▶ **PROBLEM**:
Your answer must be an exact retyping of the line containing "SAFAVIEH Brentwood Collection" and every line after it through the end of the records below, with no pictures and nothing else.

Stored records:
::::::::

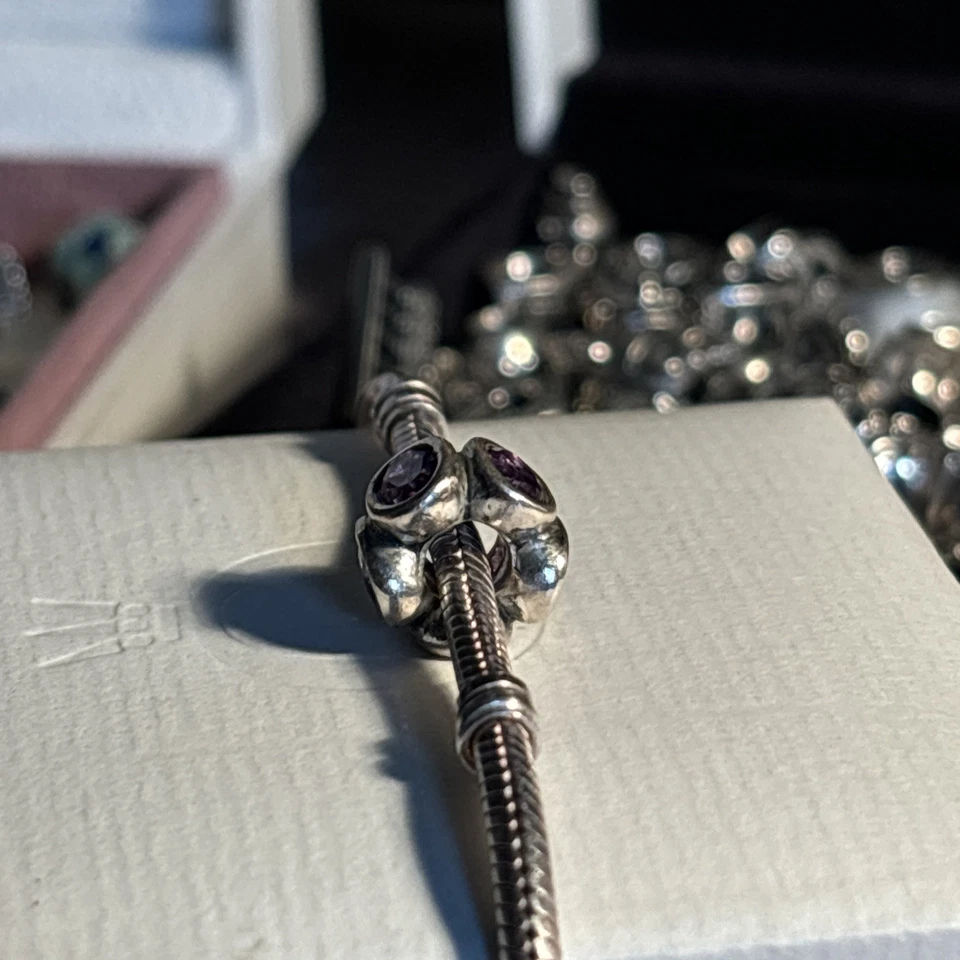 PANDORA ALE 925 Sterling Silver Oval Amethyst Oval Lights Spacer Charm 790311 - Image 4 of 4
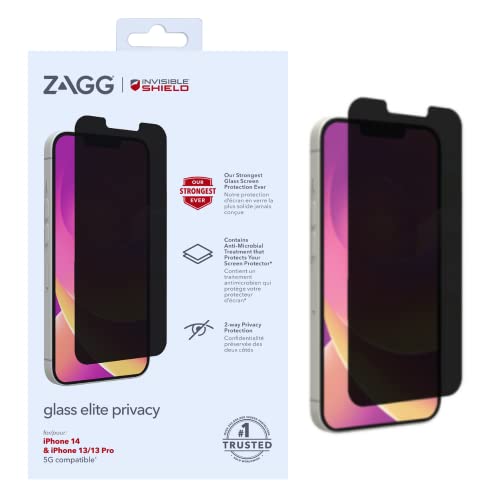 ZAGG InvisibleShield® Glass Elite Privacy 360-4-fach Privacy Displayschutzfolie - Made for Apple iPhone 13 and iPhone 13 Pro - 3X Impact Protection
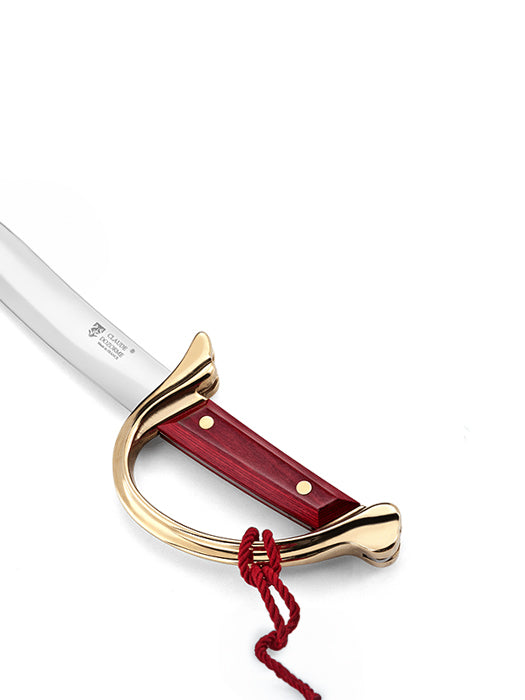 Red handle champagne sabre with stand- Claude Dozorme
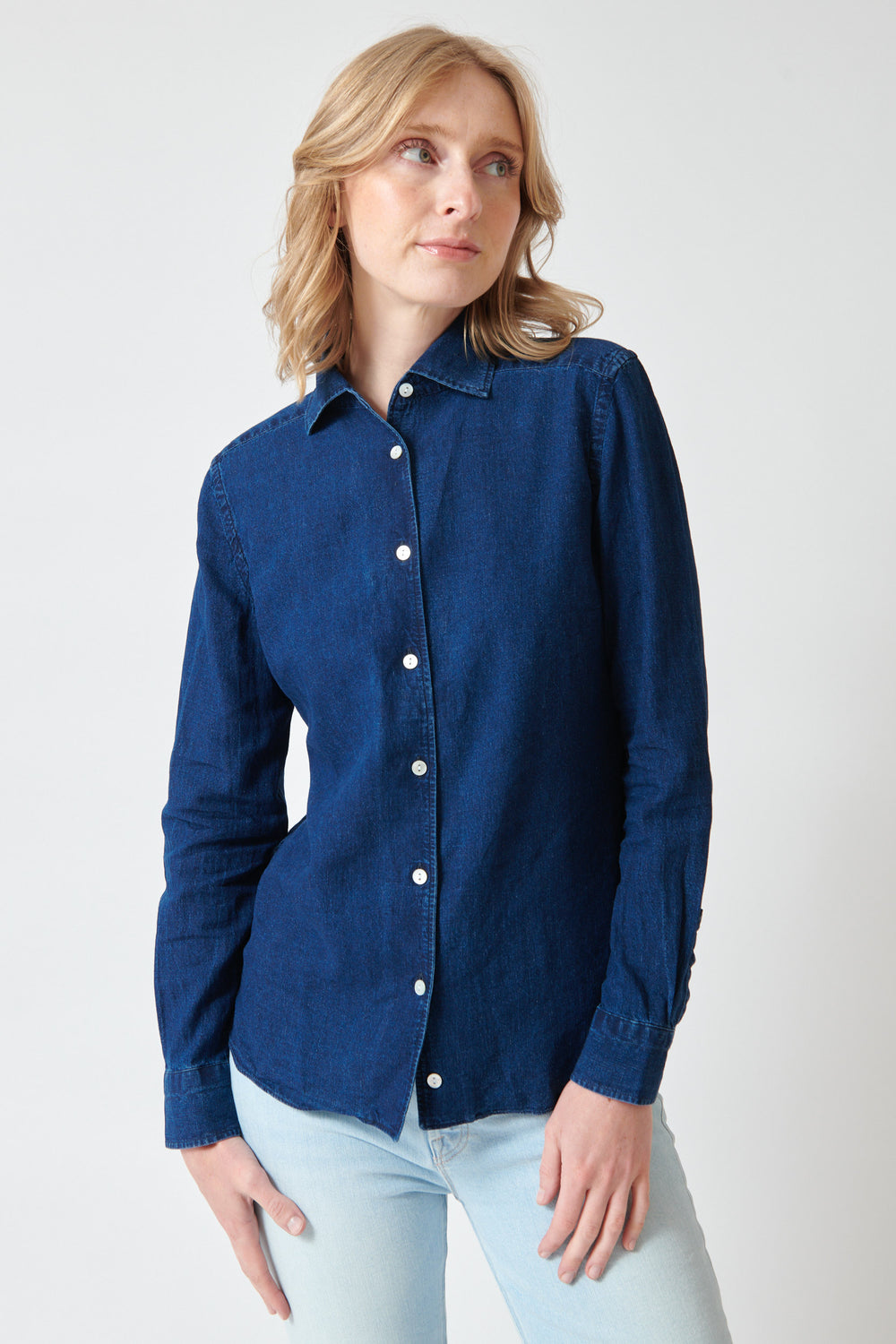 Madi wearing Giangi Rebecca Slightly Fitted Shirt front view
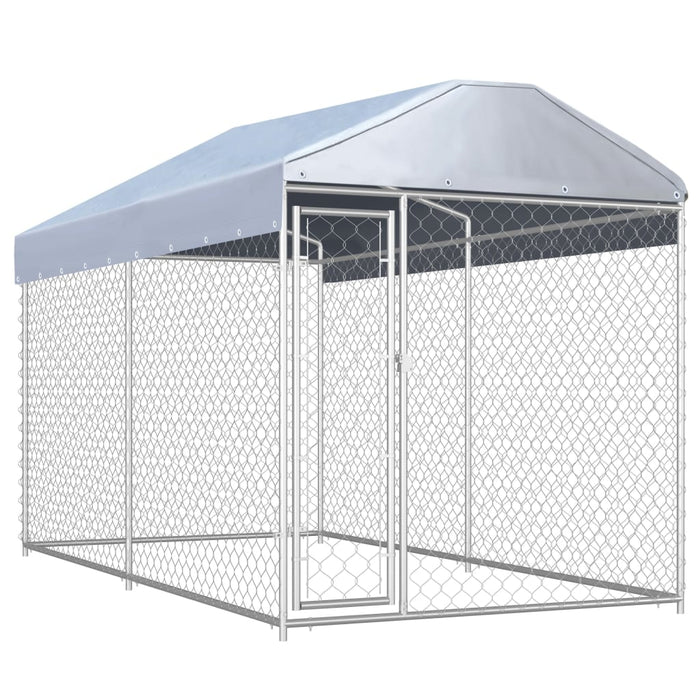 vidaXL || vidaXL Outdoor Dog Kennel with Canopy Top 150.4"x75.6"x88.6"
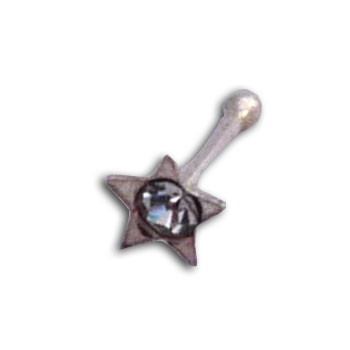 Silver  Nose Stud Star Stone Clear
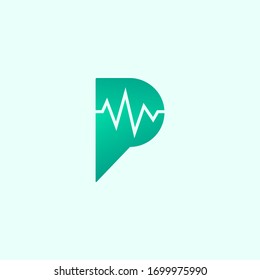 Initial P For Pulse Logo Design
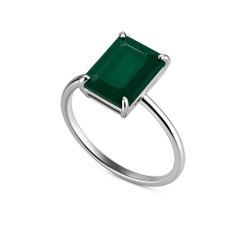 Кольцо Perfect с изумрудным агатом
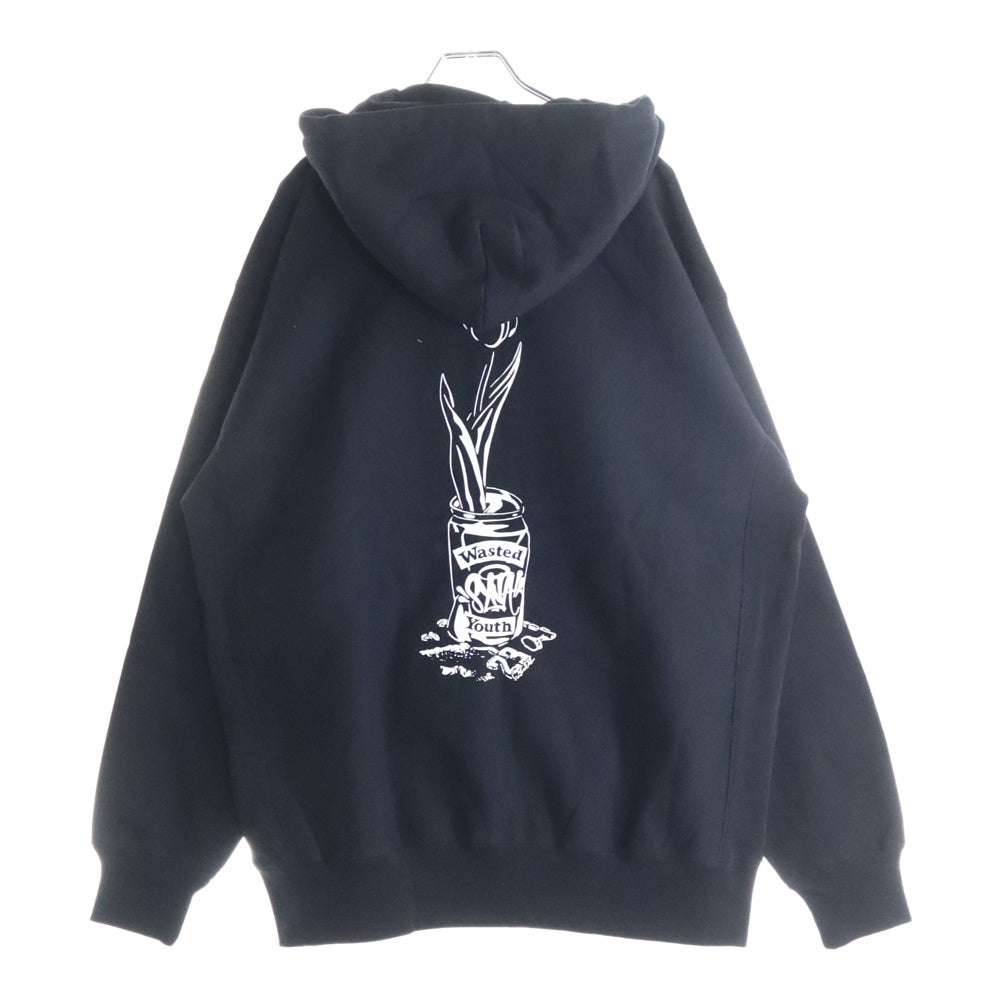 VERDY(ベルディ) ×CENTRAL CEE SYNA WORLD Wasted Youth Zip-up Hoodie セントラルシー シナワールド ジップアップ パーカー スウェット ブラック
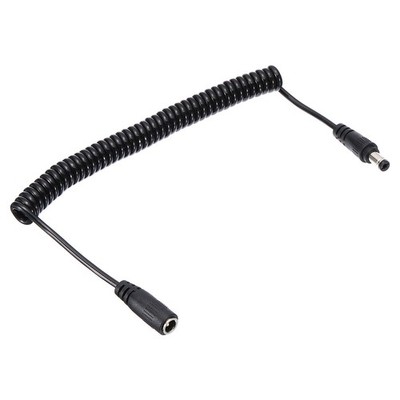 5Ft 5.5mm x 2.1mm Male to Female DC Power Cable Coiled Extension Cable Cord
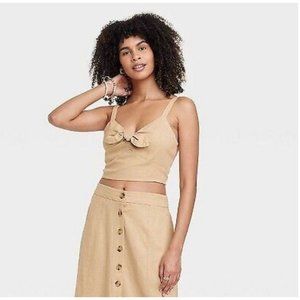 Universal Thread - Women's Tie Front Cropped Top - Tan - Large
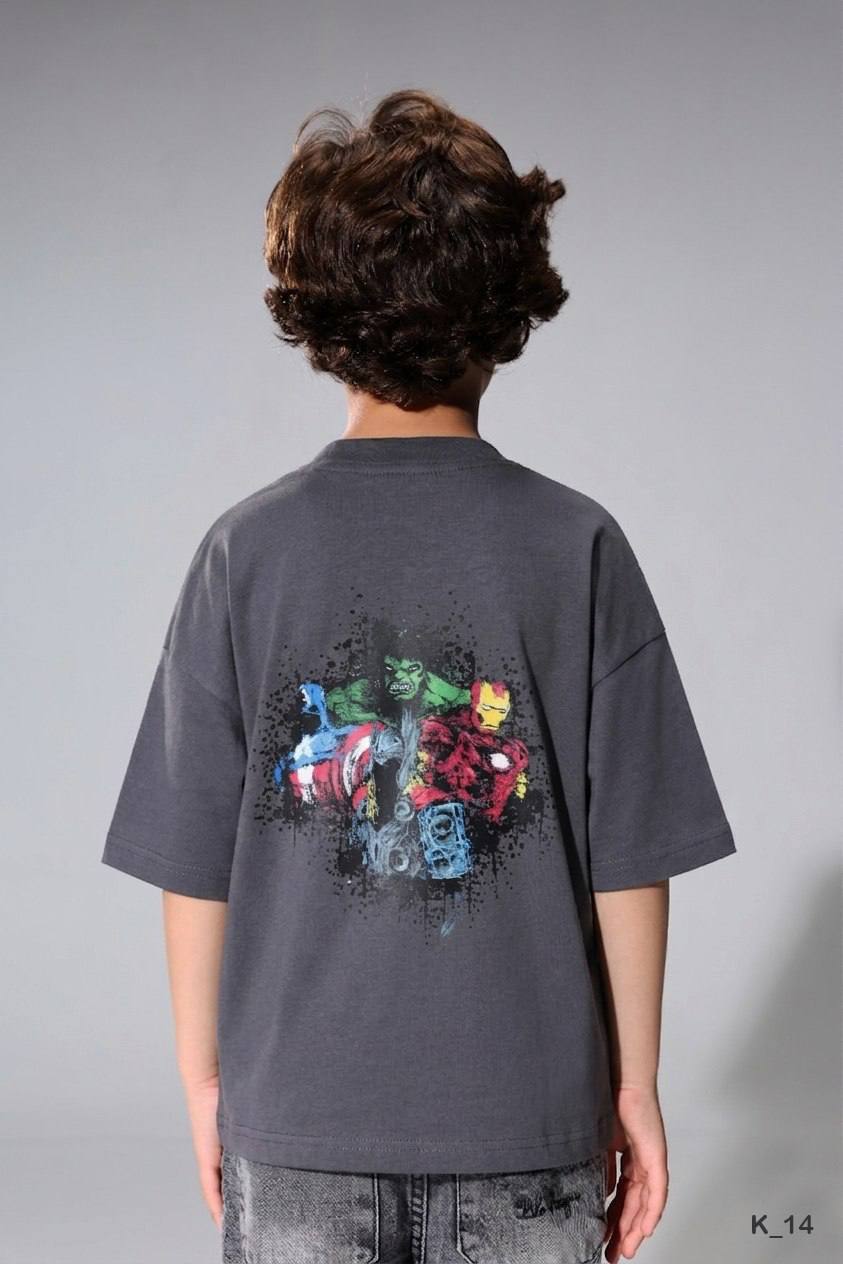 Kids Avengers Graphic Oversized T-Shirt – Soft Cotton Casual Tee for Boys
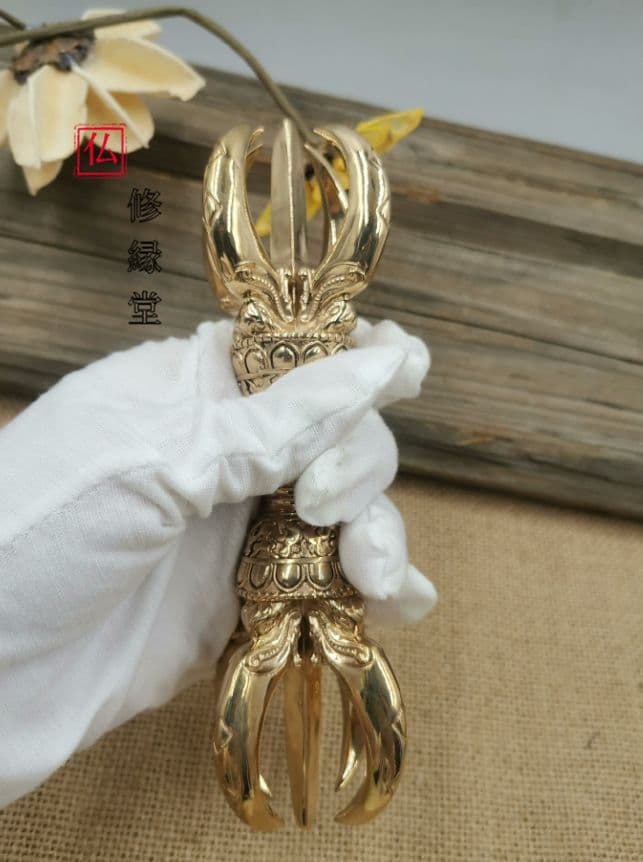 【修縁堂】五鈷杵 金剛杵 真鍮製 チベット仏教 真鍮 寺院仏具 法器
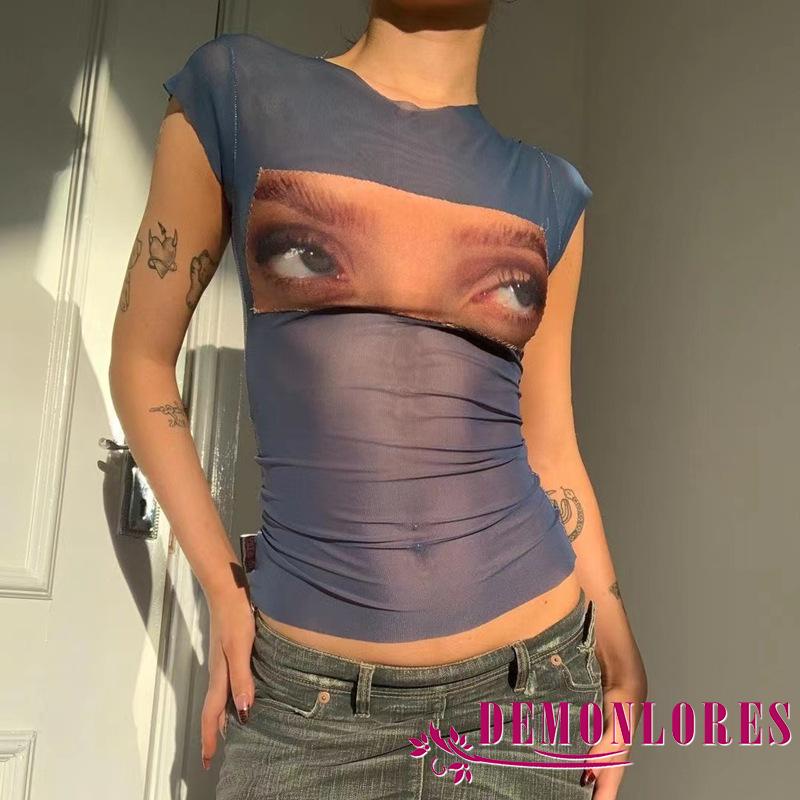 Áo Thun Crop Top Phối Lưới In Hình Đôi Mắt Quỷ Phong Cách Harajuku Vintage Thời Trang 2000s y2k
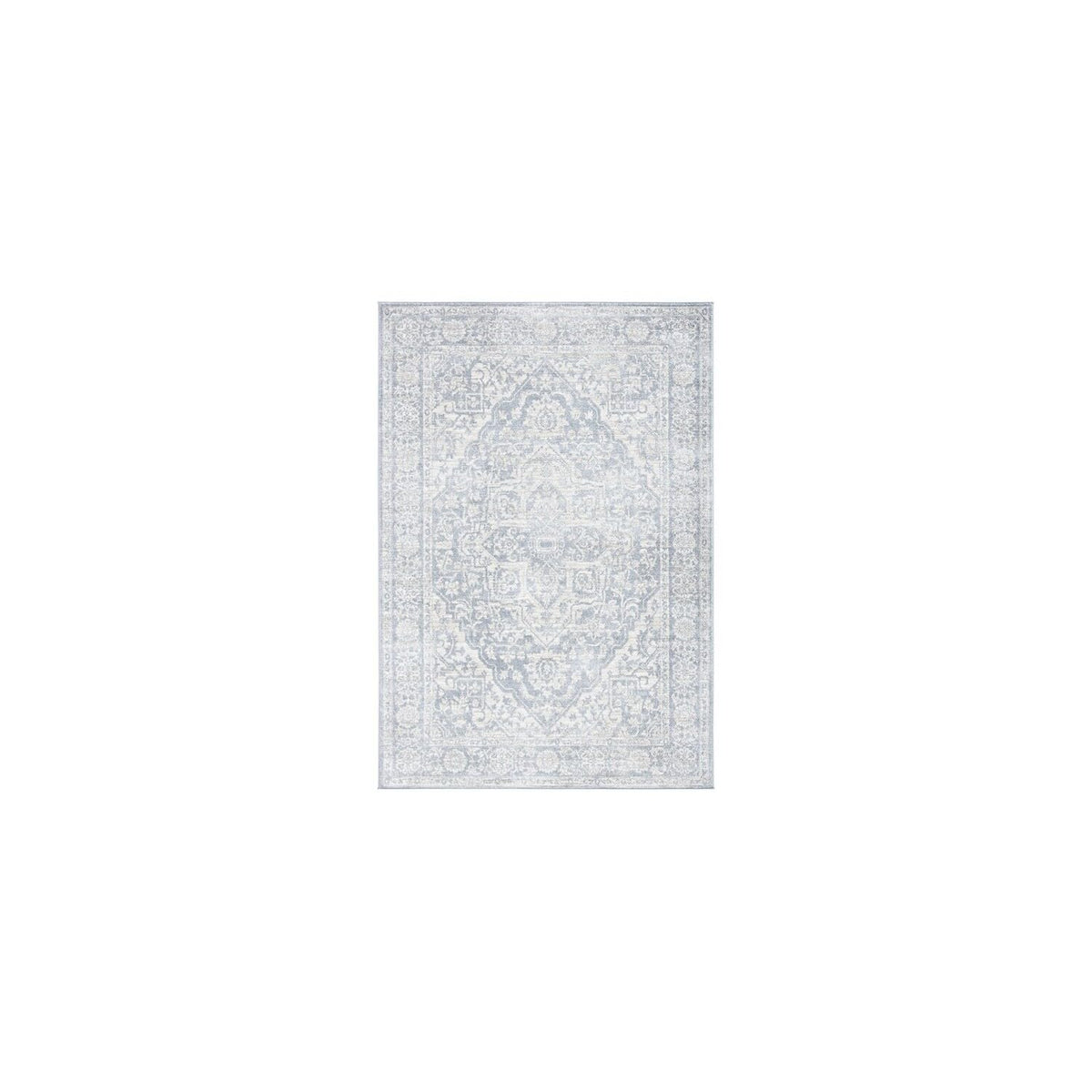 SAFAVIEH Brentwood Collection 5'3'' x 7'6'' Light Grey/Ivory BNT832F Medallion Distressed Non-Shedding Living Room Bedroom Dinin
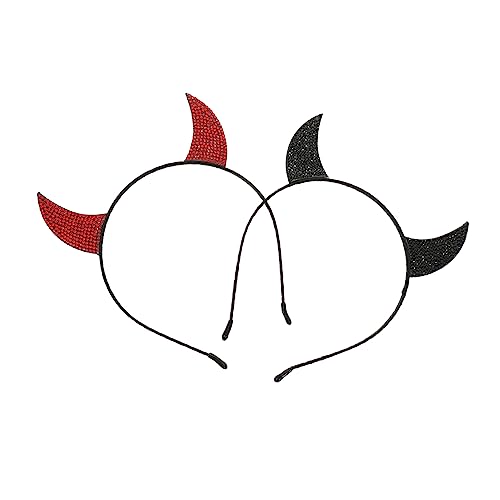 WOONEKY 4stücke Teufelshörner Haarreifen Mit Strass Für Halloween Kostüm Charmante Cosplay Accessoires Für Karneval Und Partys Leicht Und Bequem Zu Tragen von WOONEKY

::::::::

▶ **EXPECTED ANSWER**:
 SAFAVIEH Brentwood Collection 5'3'' x 7'6'' Light Grey/Ivory BNT832F Medallion Distressed Non-Shedding Living Room Bedroom Dinin
 WOONEKY 4stücke Teufelshörner Haarreifen Mit Strass Für Halloween Kostüm Charmante Cosplay Accessoires Für Karneval Und Partys Leicht Und Bequem Zu Tragen von WOONEKY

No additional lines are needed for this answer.